◆ Image-text web data:
□ □ □ □ □

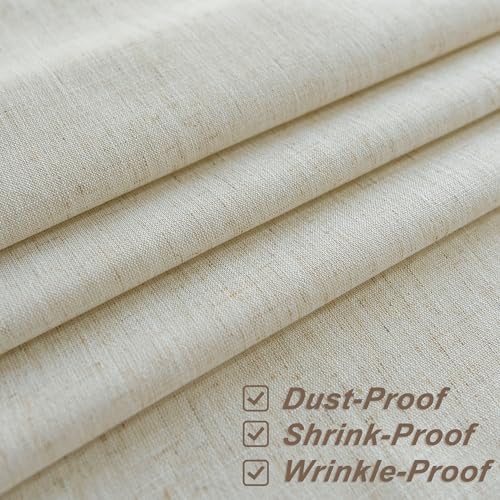 Beige Cream Linen Table Cloth for Dining Room Kitchen Flax Burlap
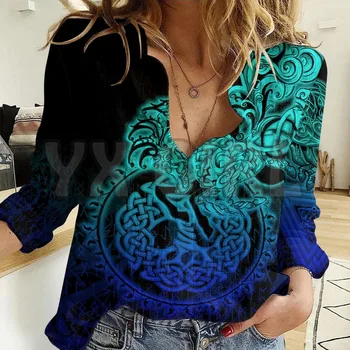 Женская повседневная рубашка Sleipnir Special Blue Viking с 3D принтом на пуговицах, повседневная уникальная уличная одежда  4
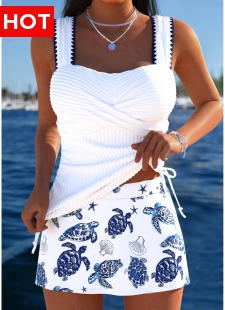 Tummy Coverage White Marine Life Print Tankini Set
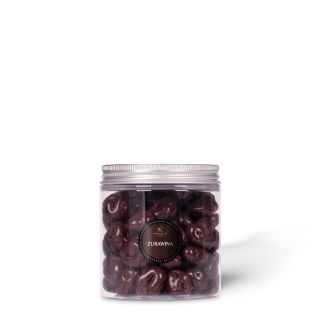 Cranberries in dark chocolate in a jar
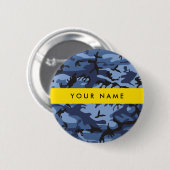 Navy Blue Camouflage Ihr Name Personalize Button (Vorne & Hinten)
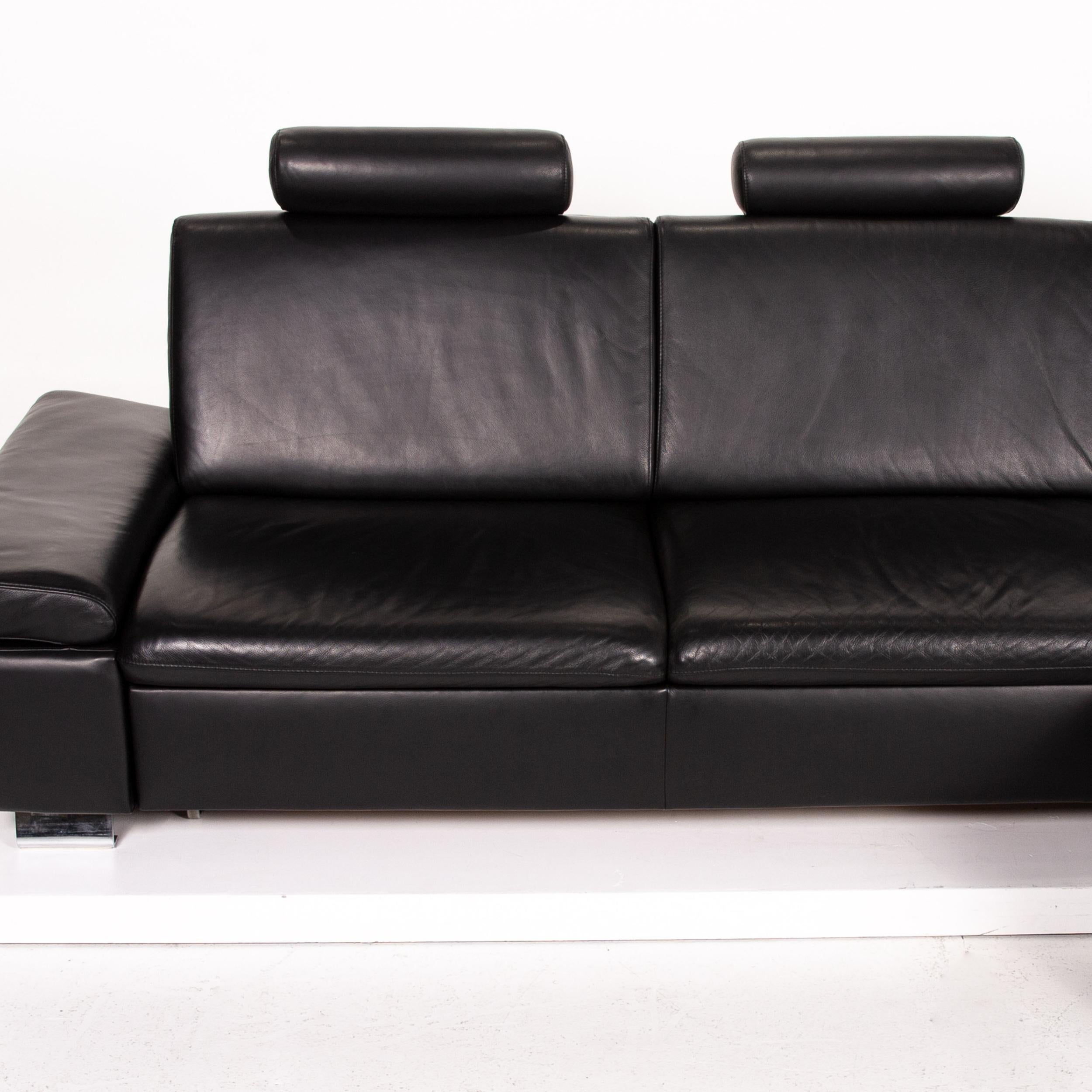 Mondo Leather Sofa Set Black 1 Corner Sofa 1 Stool Sleep Function For Sale 3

□ □ □ □ □

◆ What you should do:
Exclude the pictures, then write out every record exactly as it stands.

◆ Your solution:
 Beige Cream Linen Table Cloth for Dining Room Kitchen Flax Burlap
 Женская повседневная рубашка Sleipnir Special Blue Viking с 3D принтом на пуговицах, повседневная уникальная уличная одежда  4
 Tummy Coverage White Marine Life Print Tankini Set
 Cranberries in dark chocolate in a jar
 Navy Blue Camouflage Ihr Name Personalize Button (Vorne & Hinten)
 Mondo Leather Sofa Set Black 1 Corner Sofa 1 Stool Sleep Function For Sale 3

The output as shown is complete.